The target capital ratio has been moved from 15% Total Capital Ratio (“TCR”) to 12% of CET1 Ratio , to align it with other banks main capital target. Distribution of dividends remains as before subject to the fulfillment of all the regulatory capital requirements.
Dividend payments are confirmed twice a year, in August and April, based on 1H and full year Adjusted Net Income.
V. SUSTAINABLE AND RESPONSIBLE GROWTH
BFF will go further in its sustainability commitments during its plan horizon, with a continued focus on making a positive social, environmental and stakeholder impact.
By 2026, BFF is committing to achieve a net zero carbon emissions target through low-impact office buildings and efficient technological infrastructure. C. 80% of employees is expected to work in green buildings by 2026 (vs. current 47%). A new sustainable headquarters, Casa BFF, will be inaugurated by YE24 promoting a better integration between BFF and its surrounding community, thanks to a city garden, an outdoor theatre, and an art gallery.
BFF has a strong commitment to improve its positive impact on society also leveraging on Farmafactoring Foundation activities. BFF will double its investment in the Foundation activities, based on a new long-term plan built around the concept of integrated welfare. The Foundation plan will be presented to the stakeholders in the fall of 2023.
BFF continues to aim for excellence in its governance, a key component of which is the Board of Directors’ slate selection process aimed at reinforcing the board profile in the best interest of all stakeholders.
The BFF team is strongly aligned to stakeholders through incentives promoting meritocracy, ownership, and sustainability, with short term inventive plans and long-term stock option plans covering respectively 72% and 21% of BFF employees. Sustainable performance metrics are embedded within BFF remuneration policy, promoting the reduction of gender pay-gap, the reduction of carbon emissions, and diversity.
VI. 2026 FINANCIAL TARGETS
Together with the approval of the 2028 strategic plan, BFF announces the new medium term financial targets for the Group.
While building our 2028 strategy on the development of our market leading core businesses, the investment in our operating infrastructure, the optimization of our funding structure and capital, maintaining our historical low risk profile, the engagement of our people and sustainability commitments as a core asset, BFF aims to deliver by 2026:
A best-in-class Cost/Income below 40%,
A strong growth in Adjusted Net Profit to a €255-265m range,
Earnings Per Share range: €1.37-1.43 (€1.34-1.39 fully diluted),
Cumulated dividends (FY23-26): over €720m, i.e. c. 40% of its market capitalization,
CET1 Ratio: 12% or higher,
A market leading Return on Tangible Equity : >50%.

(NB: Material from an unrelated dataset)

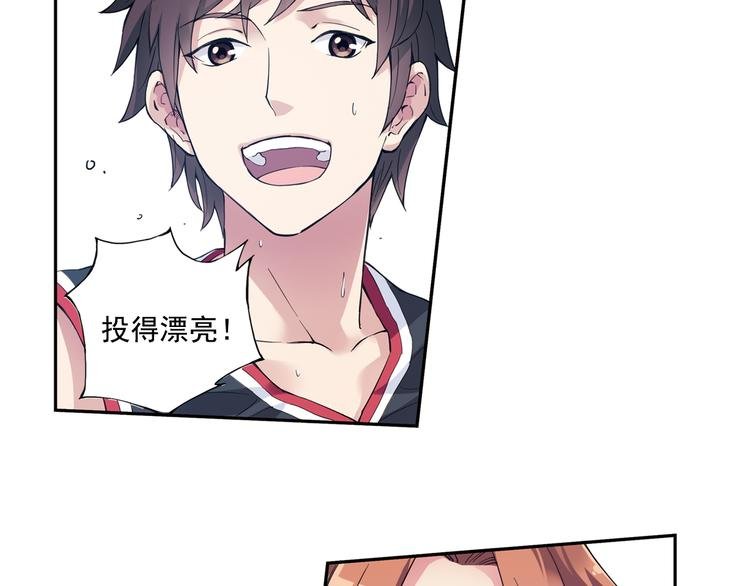 第39话上 最后三秒，球进了！！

 Second level bank, i.e. a bank offering services to other banks.
 Net income reported less extraordinary expenses and less stock option costs accounted through P&L.

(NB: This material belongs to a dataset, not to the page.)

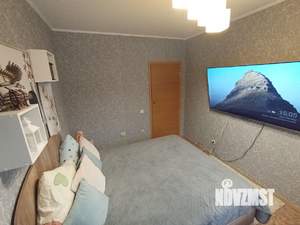 3-к квартира, вторичка, 65м2, 2/10 этаж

 Based on maximum dilution related to all outstanding stock-option plans.
 Including scope 1 and 2 emissions.
 LEED, or Leadership in Energy and Environmental Design, is a rating system developed by the U.S. Green Building Council to evaluate the environmental performance of a building.
 Market data updated from Factset as of 23rd June 2023.
 Days Sales Outstanding.
 According to Late Payment Directive (europa.eu) n° 2011/7/EU (LPD) invoices overdue by Public Administration accrue penalty of 8% + Central Bank refinancing rate (Late Payment Interest or “LPI”), plus compensation for recovery costs rights (“RR”).

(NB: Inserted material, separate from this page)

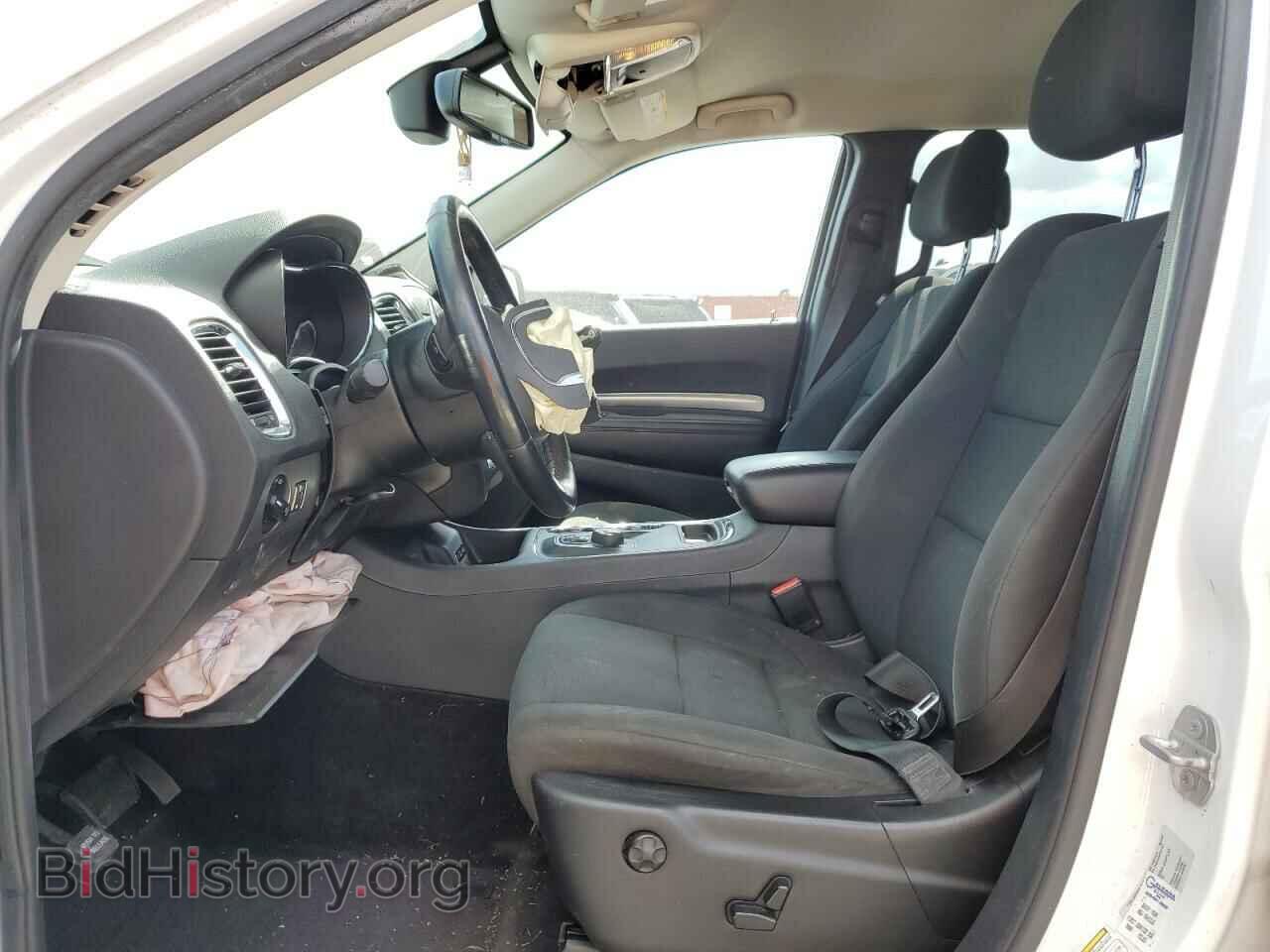 2015 DODGE DURANGO - VIN: 1C4RDHAG9FC239382 - Photo 7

 First pillar retirement funds for liberal professions
 Calculated excluding Arca in FY22.
 HTC: Held to Collect.
 Refinancing operations related to Italian government portfolio.
 Exposures are currently classified NPLs by regulation despite BFF being legally entitled to receive 100% of the capital and LPIs at the end of the process.
 In addition to TCR >15%, as long as requested by the ECB.
 Including scope 1 and 2 emissions.
 RoTE: Adj. Net Profit/(Year end Equity book value – Reported Net Income + Interim dividend - AT1 – Year End Intangibles).